Sigilo é o direito ou a obrigação de manter-se fora do conhecimento de terceiros o que, por determinação legal ou por decisão judicial, deve ficar restrito apenas ao conhecimento de determinadas pessoas. Já a privacidade é um direito de titularidade de uma ou mais pessoas que detenham, por participarem do ato, o conhecimento de algum fato, circunstância ou segredo que só a elas interessa. Este direito não gera obrigação dos detentores da informação no que se refere a não divulgar informações sobre a privacidade que compartilham, exceto quando contratarem esta obrigação, ou se a divulgação causar danos morais para aquele com quem compartilhamos uma relação que deve ser mantida em privacidade.
Uma conversa telefônica, por exemplo, é parte da privacidade das duas ou mais pessoas que dela participam. Somente elas, por conseguinte, podem revelar o conteúdo da conversa. Este direito à privacidade, tal qual ocorre com nossas correspondências, é garantido por lei.
Por esta razão, quando um terceiro tem acesso à gravação de uma conversa ou carta sem ter uma autorização legal ou judicial, ele viola a privacidade, gerando, contra si, obrigação de indenizar às vítimas da violação, da mesma forma que deve responder criminalmente pelo seu ato ilícito. Igual acontece em relação aos sigilos bancário ou fiscal, em que os dados sobre ganhos, patrimônio, dependentes, despesas dedutíveis, endereço e qualificação completa são informações que devem ser compartilhadas exclusivamente entre cliente e banco ou contribuinte e fisco. Também as informações contidas em processos judiciais ou até mesmo policiais devem ser muito bem protegidas, porque sua violação pode acontecer a qualquer tempo. Os registros destes ficam arquivados “ad eternum”, permanentemente expostos a centenas de pessoas que têm acesso desordenado e descontrolado a senhas e chaves de arquivos, físicos ou digitais.
Por isso é crime de “violação da privacidade” o acesso não autorizado ou injustificado deste dados, mesmo que por parte de funcionários da receita, promotores, juízes, policiais e autoridades de qualquer espécie. Quando estes dados são repassados a terceiros sem autorização, se diz haver “quebra de sigilo”.
É importante discorrer sobre estes aspectos para que todos reflitam a partir de um argumento geral sobre questões que somente tomamos conhecimento por meio de jornais e televisão, dando impressão aos mais apressados que a “quebra de sigilo”, de qualquer espécie, um dia poderá tornar vítima qualquer um de nós, um familiar, um amigo ou a empresa em que trabalhamos. Por esta razão, a violação de informações protegidas por lei não deve ser tolerada sob qualquer hipótese. Nenhuma exceção justifica a prática ilegal.

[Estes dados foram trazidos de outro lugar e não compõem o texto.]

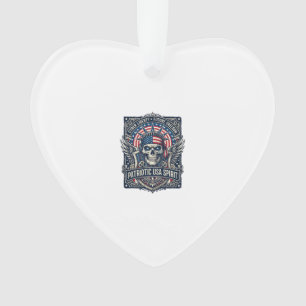 Patriotic Cyber Liberty Skull Cyberpunk Future Fre Ornament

Se não evitarmos os fatos presumidamente de exceção, damos causa à prática de comportamentos imorais que, mais tarde, podem ser utilizados como justificativas e comparações para absolver ou tornar menos importante outras violações também igualmente ilegais. Nunca se sabe quando a ilegalidade pode estar à frente de nossa porta, tornando-nos vítimas de uma quebra de sigilo que antes não condenamos exemplarmente, baseados no frágil argumento de que não percebemos antes porque não era conosco.

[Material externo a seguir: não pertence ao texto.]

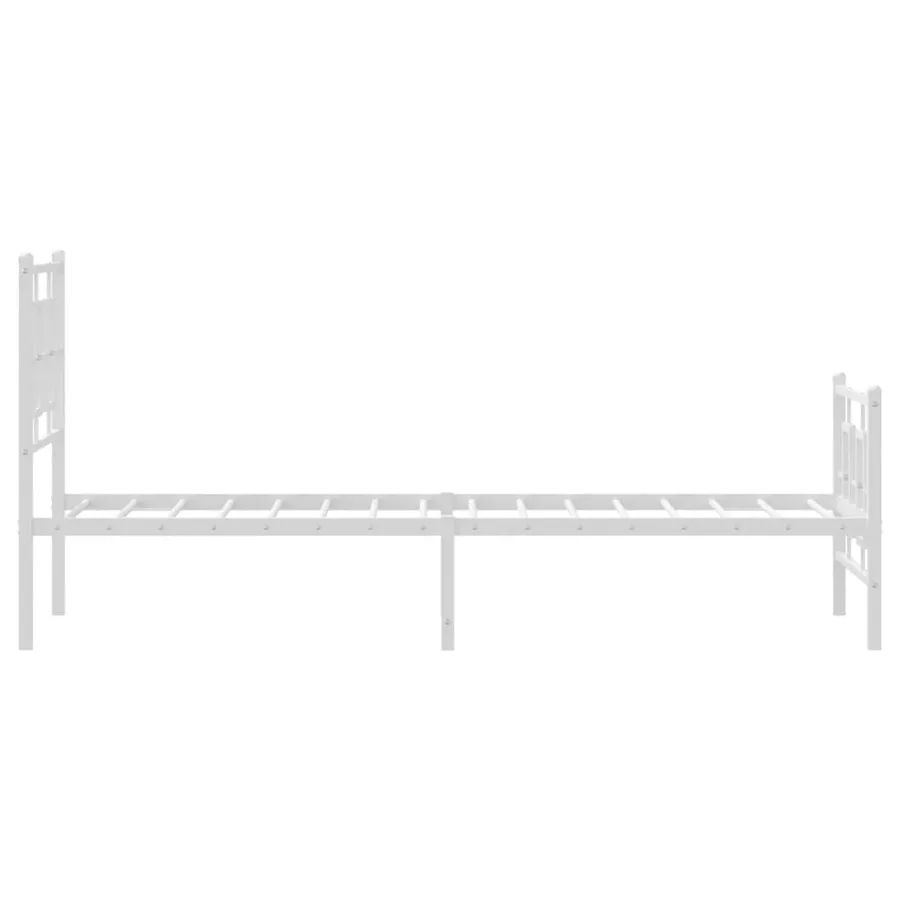 Cadre de lit métal sans matelas avec pied de lit blanc 75x190cm - 6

O mundo digital criou um fenômeno que está permitindo que diversas pessoas, simultânea e desordenadamente, sem interesse específico - mas todos absurdamente revestidos de poder funcional, donos de senhas e chaves de acesso distribuídos a rodo - acessem informações de pessoas e empresas que passaram a compor bancos de dados das mais diversas espécies, sobre os mais diversos assuntos. Esta desorganização de protocolo de acesso revela uma anarquia que, na maioria dos casos, tem sido tolerada para continuar assegurando, àqueles que coordenam o processo, a prática do acesso antiético, ou seja, não justificado. Trata-se de uma tolerância procedimental extremante perigosa, cuja existência, agora, é “novamente” denunciada por ter atingido a classe política, a qual, no final, é a responsável e usuária desta verdadeira balbúrdia.
É de extrema importância para a manutenção do Estado de Direito eliminar estas circunstâncias, pois se a intenção daqueles que violam informações sigilosas não fosse ruim, há muito estes órgãos já teriam adotado práticas e ferramentas para restringir o acesso aos bancos de dados. Isto é simples, tanto que nas instituições bancárias, empresas de informática, advocacia, engenharia, indústrias, lojas de comércio, entre outras, os bancos de dados são protegidos por senhas com níveis de acesso que exigem do usuário a justificativa do acesso e o número do processo formal que justifica o procedimento, sob pena de trancar a consulta.
Afinal de contas, é impossível pensar que todos cidadãos e empresas em atividade no Brasil possam ter seus arquivos e informações privadas guardados diretamente pelo presidente de um tribunal, como é o caso que acontece com o ministro presidente do Tribunal Superior Eleitoral (Ricardo Lewandowski), que diz estar guardando em seus arquivos pessoais dados sobre a vida pregressa de nossos candidatos a presidente, com o intuito de evitar que essas informações, boas ou más, sejam utilizadas contra os próprios candidatos.
Isto, sim, é proteção ao sigilo e à privacidade, embora - no caso de candidatos a cargos no Executivo ou Legislativo - muitos afirmem que estes devessem ter suas vidas e informações 100% transparentes, já que escolhem a vida pública, que envolve a administração do dinheiro dos outros, “os eleitores”.
No Brasil, a regra é exatamente o contrário: aqui se esconde o que deve ser público, enquanto se expõe o que é de interesse privado. Temos que aprender a deixar de falar só sobre a denúncia do dia porque, muitas vezes, esta é criada exatamente para que a população se esqueça do escândalo anterior. Todos os casos deveriam continuar nas manchetes enquanto não fossem punidos os responsáveis. Na hipótese contrária, estamos incentivando as práticas ilícitas, até um dia que nós ou nossos filhos sejamos as próximas vítimas.
Portanto, o assunto da “quebra do sigilo fiscal” , seja de um candidato a vice-presidente, de um caseiro, ou contra qualquer um, revela uma continuidade de práticas ilegais. Tudo é uma coisa só, um caso justifica o outro.